Task instructions –
Quote, without any change, the line that contains "Lacinho de Fita" and all lines that follow it to the end of the data below.

**** Dataset records ****

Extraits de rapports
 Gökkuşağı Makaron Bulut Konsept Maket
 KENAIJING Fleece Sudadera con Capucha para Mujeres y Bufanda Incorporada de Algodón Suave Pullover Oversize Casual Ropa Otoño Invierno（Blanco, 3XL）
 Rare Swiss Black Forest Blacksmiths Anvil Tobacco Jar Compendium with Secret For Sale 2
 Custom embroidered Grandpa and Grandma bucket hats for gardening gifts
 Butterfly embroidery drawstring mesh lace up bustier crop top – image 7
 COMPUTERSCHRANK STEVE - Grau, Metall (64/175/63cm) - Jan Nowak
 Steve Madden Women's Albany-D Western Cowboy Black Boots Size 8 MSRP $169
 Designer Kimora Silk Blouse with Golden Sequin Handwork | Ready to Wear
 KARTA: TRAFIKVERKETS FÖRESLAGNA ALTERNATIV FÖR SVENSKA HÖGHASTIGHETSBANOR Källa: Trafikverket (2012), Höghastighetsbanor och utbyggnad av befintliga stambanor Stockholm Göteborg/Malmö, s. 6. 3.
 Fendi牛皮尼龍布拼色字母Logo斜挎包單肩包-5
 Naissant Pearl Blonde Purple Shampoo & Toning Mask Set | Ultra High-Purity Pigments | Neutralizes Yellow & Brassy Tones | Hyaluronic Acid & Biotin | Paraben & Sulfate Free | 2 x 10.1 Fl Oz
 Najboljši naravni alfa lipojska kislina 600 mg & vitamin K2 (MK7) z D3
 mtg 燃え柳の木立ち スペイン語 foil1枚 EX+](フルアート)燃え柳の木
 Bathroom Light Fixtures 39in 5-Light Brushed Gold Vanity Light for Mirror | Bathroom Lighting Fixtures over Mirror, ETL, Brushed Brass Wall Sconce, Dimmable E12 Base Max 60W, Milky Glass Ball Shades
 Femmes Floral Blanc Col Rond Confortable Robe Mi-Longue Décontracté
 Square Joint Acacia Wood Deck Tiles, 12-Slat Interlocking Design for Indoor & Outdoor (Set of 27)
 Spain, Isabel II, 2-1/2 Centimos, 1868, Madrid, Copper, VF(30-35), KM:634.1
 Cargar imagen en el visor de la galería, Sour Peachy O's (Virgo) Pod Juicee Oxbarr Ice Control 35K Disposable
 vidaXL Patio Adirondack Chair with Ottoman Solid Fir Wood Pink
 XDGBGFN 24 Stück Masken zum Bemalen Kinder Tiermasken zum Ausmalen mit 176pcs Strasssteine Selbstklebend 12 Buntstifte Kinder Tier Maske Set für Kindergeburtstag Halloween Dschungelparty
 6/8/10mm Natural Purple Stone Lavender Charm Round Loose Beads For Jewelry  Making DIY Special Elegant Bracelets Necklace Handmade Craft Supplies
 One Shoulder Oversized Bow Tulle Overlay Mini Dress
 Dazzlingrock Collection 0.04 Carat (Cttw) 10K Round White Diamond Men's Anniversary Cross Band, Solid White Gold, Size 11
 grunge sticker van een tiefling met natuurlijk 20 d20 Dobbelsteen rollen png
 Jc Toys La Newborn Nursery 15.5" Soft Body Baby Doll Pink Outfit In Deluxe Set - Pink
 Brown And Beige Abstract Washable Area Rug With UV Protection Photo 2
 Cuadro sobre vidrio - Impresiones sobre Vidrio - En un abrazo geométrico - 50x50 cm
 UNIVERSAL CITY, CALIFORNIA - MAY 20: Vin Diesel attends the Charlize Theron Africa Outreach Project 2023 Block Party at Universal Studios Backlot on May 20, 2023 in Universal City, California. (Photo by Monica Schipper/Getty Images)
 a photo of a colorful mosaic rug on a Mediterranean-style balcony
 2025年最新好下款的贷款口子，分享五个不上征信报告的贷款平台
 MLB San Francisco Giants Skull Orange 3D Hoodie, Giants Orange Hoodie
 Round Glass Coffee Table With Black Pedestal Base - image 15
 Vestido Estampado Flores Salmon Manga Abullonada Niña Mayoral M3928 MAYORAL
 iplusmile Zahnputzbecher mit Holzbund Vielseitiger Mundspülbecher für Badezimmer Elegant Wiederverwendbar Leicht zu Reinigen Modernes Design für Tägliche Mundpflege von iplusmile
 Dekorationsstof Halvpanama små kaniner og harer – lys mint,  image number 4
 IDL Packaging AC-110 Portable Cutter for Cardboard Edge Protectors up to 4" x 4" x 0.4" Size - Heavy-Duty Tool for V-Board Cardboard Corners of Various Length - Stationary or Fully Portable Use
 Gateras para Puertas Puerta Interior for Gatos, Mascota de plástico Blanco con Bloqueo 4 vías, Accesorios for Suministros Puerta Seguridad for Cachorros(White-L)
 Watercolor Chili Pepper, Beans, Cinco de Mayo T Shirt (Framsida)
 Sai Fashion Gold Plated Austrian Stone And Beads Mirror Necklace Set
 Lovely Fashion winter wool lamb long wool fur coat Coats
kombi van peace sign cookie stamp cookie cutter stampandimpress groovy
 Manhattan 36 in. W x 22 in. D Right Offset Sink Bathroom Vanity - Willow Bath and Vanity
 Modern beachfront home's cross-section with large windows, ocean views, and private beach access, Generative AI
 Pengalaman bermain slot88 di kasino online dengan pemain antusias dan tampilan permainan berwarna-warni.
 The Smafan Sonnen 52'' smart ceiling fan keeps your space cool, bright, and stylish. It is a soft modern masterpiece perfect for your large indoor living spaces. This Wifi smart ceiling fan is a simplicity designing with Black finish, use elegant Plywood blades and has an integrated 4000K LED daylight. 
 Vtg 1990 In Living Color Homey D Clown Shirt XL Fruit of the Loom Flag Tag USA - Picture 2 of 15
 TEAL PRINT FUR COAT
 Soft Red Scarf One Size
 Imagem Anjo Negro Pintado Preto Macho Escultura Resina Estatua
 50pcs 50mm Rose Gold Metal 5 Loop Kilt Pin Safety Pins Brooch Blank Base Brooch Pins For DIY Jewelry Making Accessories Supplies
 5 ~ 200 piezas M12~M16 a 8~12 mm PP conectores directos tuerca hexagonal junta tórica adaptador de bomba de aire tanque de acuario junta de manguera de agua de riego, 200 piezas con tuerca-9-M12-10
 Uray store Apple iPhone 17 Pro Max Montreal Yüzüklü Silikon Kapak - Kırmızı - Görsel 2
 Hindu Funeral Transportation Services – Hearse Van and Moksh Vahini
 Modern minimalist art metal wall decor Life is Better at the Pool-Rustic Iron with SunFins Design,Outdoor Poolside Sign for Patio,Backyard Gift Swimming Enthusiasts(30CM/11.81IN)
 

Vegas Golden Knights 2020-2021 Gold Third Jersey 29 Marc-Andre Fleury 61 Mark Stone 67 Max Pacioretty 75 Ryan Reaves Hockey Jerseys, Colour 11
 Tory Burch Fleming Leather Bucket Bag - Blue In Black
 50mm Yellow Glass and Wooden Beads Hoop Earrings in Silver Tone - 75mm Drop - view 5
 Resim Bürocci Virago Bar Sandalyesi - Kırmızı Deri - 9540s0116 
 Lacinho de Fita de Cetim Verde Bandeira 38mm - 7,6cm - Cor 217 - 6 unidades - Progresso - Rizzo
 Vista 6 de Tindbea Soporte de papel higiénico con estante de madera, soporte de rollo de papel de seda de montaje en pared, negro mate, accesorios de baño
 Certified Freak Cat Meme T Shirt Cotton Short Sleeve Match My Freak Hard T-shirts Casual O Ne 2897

****

Response for this exercise –
 Lacinho de Fita de Cetim Verde Bandeira 38mm - 7,6cm - Cor 217 - 6 unidades - Progresso - Rizzo
 Vista 6 de Tindbea Soporte de papel higiénico con estante de madera, soporte de rollo de papel de seda de montaje en pared, negro mate, accesorios de baño
 Certified Freak Cat Meme T Shirt Cotton Short Sleeve Match My Freak Hard T-shirts Casual O Ne 2897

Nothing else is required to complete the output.